[Action item] Going through the records that follow, please count the lines with "white" in them and give only the count.

[Records to process]
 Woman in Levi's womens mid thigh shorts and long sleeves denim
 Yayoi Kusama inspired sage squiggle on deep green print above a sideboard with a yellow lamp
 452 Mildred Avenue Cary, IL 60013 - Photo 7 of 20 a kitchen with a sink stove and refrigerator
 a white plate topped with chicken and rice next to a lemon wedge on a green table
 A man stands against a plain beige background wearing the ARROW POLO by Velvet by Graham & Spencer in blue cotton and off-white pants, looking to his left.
==
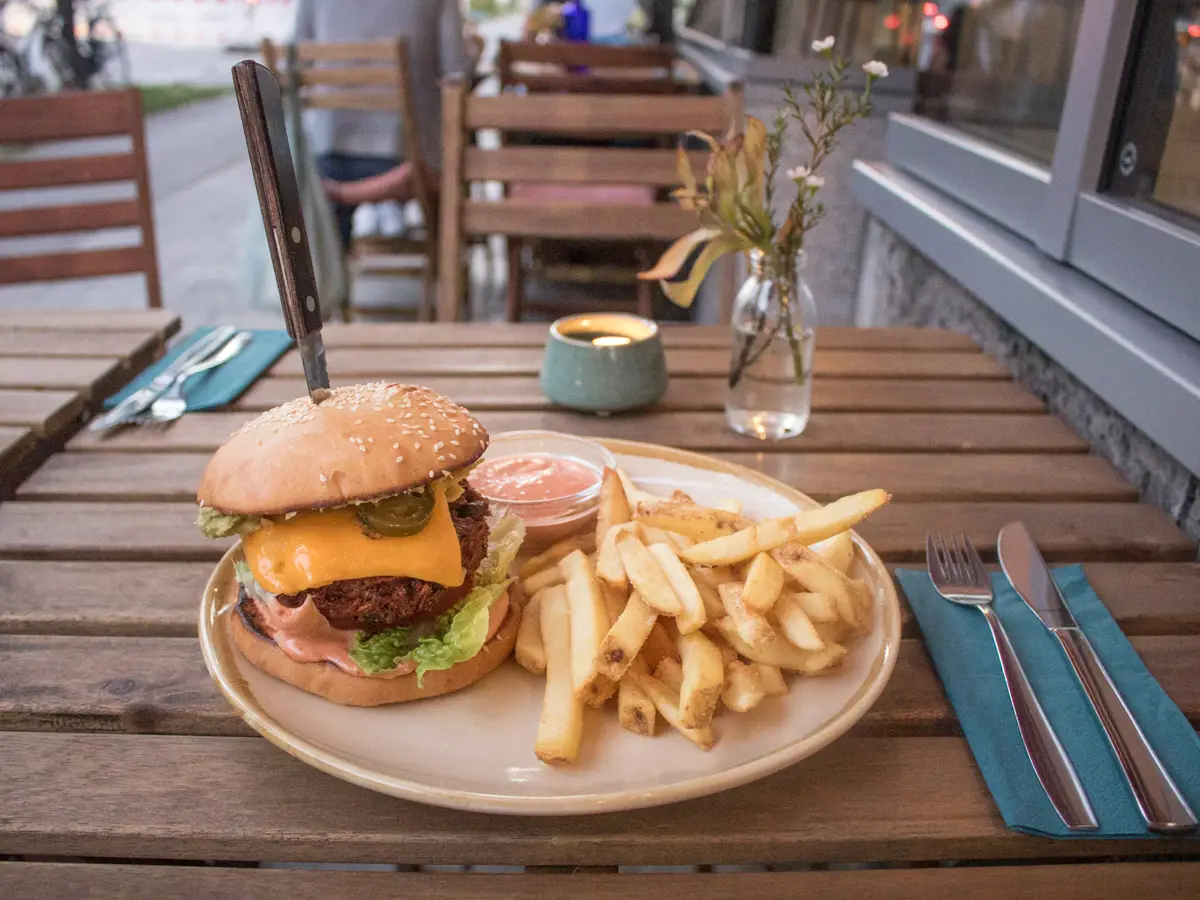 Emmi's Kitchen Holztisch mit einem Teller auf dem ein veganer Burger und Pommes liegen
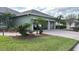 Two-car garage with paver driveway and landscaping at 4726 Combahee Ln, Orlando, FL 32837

[Reply] 2